Booth Id:
TMED012
Category:
Translational Medical Science
Year:
2019
Finalist Names:
Atkinson, Elizabeth (School: Hilo High School)
Abstract:
Angiostrongylus cantonensis (Rat Lungworm) is a parasitic nematode known to infect humans through ingestion of the third stage larvae and can cause inflammation and damage to the central nervous system. Rat Lungworm disease is the leading cause of eosinophilic meningitis (inflammation of meninges) globally and is becoming increasingly prevalent in the United States and other countries. Currently, quantitative PCR is one of the most reliable diagnostic tests for detecting A.cantonensis, but requires expensive equipment and is time-consuming.
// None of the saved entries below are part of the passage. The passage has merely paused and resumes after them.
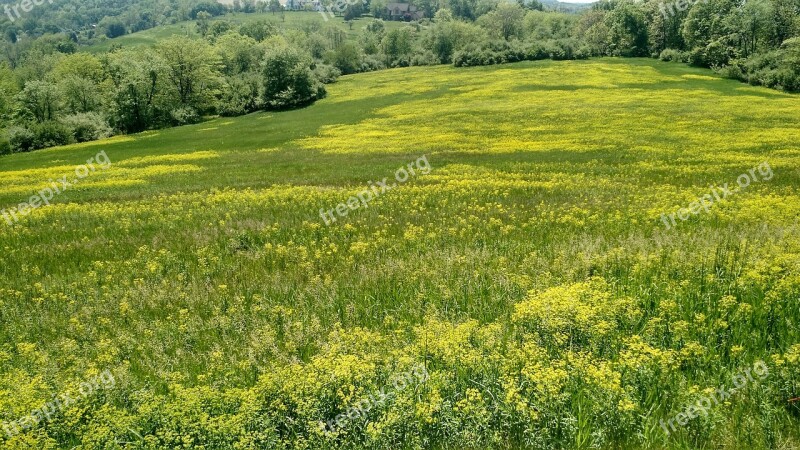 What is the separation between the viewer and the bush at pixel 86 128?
69.4 metres

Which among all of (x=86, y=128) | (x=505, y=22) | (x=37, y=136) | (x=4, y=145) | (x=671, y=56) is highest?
(x=505, y=22)

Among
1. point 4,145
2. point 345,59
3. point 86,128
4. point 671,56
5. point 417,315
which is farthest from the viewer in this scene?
point 345,59

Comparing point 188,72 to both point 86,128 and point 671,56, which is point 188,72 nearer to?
point 86,128

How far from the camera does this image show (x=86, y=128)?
7069 cm

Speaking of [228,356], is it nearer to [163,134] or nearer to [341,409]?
[341,409]

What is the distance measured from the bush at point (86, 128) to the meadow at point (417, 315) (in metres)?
57.6

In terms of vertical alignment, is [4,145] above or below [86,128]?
below

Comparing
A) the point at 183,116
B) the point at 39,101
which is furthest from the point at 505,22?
the point at 39,101

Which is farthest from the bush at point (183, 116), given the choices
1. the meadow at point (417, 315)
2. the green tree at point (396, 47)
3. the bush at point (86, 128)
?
the green tree at point (396, 47)

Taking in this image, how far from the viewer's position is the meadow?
199 inches

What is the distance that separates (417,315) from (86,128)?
8089cm

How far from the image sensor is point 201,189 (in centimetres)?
2397

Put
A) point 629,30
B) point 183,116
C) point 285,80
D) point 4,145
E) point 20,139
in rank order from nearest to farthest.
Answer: point 4,145, point 20,139, point 183,116, point 285,80, point 629,30

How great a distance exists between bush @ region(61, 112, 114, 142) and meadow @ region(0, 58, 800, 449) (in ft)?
189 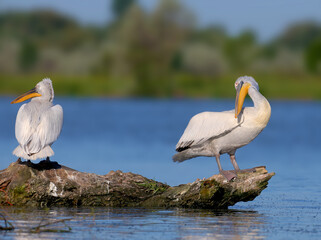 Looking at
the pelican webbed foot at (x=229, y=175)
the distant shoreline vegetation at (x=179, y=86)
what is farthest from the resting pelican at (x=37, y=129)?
the distant shoreline vegetation at (x=179, y=86)

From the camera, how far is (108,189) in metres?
8.86

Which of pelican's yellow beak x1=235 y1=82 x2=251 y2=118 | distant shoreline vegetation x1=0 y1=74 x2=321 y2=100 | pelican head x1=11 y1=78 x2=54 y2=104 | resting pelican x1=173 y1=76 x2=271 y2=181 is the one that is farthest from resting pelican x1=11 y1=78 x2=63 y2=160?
distant shoreline vegetation x1=0 y1=74 x2=321 y2=100

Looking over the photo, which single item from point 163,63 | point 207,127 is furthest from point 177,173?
point 163,63

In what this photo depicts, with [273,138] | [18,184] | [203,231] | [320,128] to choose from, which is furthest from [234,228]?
[320,128]

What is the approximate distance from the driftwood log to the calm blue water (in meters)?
0.22

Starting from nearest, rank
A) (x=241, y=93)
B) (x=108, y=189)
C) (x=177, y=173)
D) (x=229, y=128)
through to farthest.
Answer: (x=108, y=189) → (x=229, y=128) → (x=241, y=93) → (x=177, y=173)

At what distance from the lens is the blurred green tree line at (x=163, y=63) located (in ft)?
155

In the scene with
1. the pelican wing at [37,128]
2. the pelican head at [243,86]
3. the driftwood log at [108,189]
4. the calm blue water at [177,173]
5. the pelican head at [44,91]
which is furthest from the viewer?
the pelican head at [44,91]

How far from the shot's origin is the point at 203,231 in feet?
25.0

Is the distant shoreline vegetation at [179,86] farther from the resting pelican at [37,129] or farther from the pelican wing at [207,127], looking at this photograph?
the resting pelican at [37,129]

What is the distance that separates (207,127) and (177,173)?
3.63 metres

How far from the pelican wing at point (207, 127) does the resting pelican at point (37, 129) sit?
4.78 ft

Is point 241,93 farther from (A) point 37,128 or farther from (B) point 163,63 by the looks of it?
(B) point 163,63

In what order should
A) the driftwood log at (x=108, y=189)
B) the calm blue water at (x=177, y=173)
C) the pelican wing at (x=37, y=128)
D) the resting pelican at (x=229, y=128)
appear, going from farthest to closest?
the resting pelican at (x=229, y=128) → the pelican wing at (x=37, y=128) → the driftwood log at (x=108, y=189) → the calm blue water at (x=177, y=173) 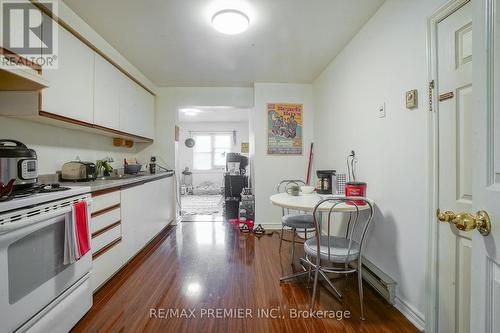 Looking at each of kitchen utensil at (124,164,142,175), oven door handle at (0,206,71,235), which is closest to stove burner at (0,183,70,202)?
oven door handle at (0,206,71,235)

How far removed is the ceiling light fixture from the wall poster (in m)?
1.64

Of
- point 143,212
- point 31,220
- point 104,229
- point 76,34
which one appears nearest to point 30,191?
point 31,220

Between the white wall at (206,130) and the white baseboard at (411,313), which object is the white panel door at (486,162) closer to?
the white baseboard at (411,313)

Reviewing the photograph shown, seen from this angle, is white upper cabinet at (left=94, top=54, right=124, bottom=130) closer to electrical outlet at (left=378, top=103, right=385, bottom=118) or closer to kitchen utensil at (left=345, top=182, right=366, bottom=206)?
kitchen utensil at (left=345, top=182, right=366, bottom=206)

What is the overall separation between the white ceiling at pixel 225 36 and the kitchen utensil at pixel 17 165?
1290 millimetres

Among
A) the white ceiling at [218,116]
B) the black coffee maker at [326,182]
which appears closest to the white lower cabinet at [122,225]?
the black coffee maker at [326,182]

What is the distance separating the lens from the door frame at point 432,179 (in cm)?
124

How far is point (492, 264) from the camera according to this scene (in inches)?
23.3

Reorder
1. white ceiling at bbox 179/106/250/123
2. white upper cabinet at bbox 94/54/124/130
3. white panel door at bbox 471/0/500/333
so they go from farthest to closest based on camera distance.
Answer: white ceiling at bbox 179/106/250/123 → white upper cabinet at bbox 94/54/124/130 → white panel door at bbox 471/0/500/333

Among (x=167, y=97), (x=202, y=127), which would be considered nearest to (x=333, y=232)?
(x=167, y=97)

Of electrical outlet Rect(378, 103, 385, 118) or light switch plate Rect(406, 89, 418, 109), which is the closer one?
light switch plate Rect(406, 89, 418, 109)

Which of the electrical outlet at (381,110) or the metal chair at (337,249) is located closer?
the metal chair at (337,249)

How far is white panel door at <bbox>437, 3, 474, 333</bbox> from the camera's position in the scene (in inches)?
42.1

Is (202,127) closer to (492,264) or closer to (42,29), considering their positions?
(42,29) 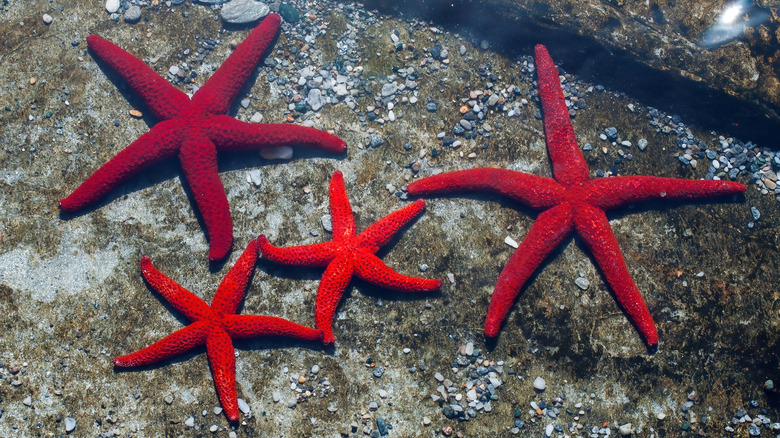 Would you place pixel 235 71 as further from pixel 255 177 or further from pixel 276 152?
pixel 255 177

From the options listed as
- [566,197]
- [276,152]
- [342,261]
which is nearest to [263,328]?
[342,261]

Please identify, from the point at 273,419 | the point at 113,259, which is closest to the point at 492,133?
the point at 273,419

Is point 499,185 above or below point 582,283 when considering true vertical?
above

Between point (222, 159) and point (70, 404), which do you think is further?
point (222, 159)

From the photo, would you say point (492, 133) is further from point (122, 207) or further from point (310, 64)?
point (122, 207)

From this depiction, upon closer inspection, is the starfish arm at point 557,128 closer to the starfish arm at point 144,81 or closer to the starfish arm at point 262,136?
the starfish arm at point 262,136

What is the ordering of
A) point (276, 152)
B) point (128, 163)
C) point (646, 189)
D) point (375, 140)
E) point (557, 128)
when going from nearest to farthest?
point (128, 163) < point (646, 189) < point (557, 128) < point (276, 152) < point (375, 140)

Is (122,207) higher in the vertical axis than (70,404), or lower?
higher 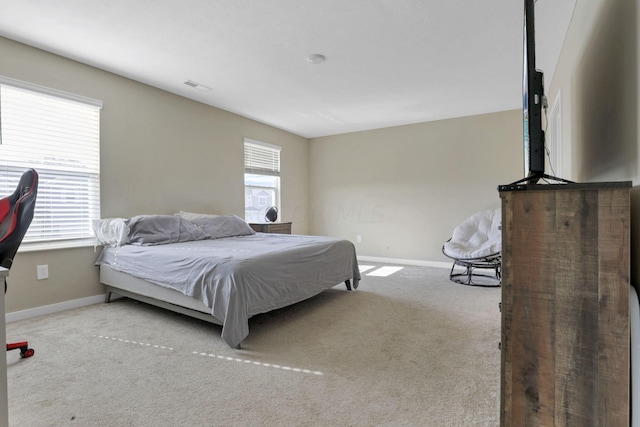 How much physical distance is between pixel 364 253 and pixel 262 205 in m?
2.09

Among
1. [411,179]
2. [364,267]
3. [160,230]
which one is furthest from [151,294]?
[411,179]

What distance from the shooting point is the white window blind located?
17.3ft

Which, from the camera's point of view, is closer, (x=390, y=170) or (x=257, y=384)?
(x=257, y=384)

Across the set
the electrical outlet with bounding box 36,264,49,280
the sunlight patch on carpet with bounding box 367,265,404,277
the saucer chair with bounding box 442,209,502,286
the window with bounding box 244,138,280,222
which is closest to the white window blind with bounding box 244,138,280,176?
the window with bounding box 244,138,280,222

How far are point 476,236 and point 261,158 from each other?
11.7ft

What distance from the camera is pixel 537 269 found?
1032mm

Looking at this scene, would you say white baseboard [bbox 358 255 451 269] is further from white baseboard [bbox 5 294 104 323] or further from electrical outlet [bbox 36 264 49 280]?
electrical outlet [bbox 36 264 49 280]

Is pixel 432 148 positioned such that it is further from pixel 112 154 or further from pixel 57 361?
pixel 57 361

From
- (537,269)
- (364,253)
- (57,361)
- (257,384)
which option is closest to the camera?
(537,269)

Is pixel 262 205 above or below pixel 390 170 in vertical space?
below

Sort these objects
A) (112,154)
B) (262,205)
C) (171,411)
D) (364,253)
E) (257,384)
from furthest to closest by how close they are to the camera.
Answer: (364,253) → (262,205) → (112,154) → (257,384) → (171,411)

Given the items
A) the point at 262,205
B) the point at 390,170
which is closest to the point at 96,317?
the point at 262,205

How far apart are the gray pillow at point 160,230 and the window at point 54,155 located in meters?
0.48

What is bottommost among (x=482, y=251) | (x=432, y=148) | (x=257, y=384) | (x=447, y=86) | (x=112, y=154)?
(x=257, y=384) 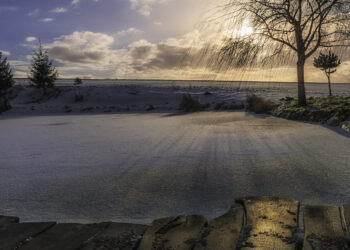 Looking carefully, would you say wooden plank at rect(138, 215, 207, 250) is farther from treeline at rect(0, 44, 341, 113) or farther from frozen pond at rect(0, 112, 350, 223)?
treeline at rect(0, 44, 341, 113)

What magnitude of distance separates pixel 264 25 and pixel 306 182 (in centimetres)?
765

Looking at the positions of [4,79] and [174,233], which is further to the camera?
[4,79]

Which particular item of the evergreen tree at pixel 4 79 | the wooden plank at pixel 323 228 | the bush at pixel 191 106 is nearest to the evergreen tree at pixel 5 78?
the evergreen tree at pixel 4 79

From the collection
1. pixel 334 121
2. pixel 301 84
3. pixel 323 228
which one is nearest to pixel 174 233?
pixel 323 228

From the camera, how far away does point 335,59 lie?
2547 cm

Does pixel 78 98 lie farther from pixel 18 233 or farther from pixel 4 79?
pixel 18 233

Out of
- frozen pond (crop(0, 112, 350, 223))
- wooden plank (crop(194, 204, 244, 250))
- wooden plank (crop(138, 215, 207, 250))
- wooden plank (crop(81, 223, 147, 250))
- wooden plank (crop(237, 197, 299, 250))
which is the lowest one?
frozen pond (crop(0, 112, 350, 223))

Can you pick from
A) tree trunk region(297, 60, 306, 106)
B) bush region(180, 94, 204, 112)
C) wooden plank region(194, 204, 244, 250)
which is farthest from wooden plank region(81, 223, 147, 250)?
bush region(180, 94, 204, 112)

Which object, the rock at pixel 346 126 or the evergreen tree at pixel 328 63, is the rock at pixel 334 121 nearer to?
the rock at pixel 346 126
This project aims to convert a previously designed recombinase polymerase amplification (RPA) assay into a new isothermal, paper-based lateral flow assay and to compare its sensitivity and accuracy to traditional quantitative PCR. Lateral flow uses inexpensive equipment and quicker setup which can be adapted for use in the field. Slug DNA samples were tested with qPCR, RPA, and lateral flow for A.cantonensis DNA. Eight 10-fold serial dilutions were created using a plasmid containing the target DNA sequence for each assay, ranging from 100 plasmids per μL to 0.78 plasmids per μL. qPCR, RPA, and lateral flow sensitivity were tested using these serial dilutions. Quantitative PCR was able to detect 12.5 plasmids per reaction in each of the three replicates. RPA was able to detect 25 plasmids per reaction in each of the three replicates. Lateral flow was able to detect 50 plasmids per reaction in each of the three replicates. RPA and lateral flow were not as sensitive as qPCR, but were accurate with higher A.cantonensis DNA concentrations. Lateral flow may become a useful alternative to qPCR with further development and has numerous advantages that could make Rat Lungworm diagnostics quicker, less expensive, and more portable.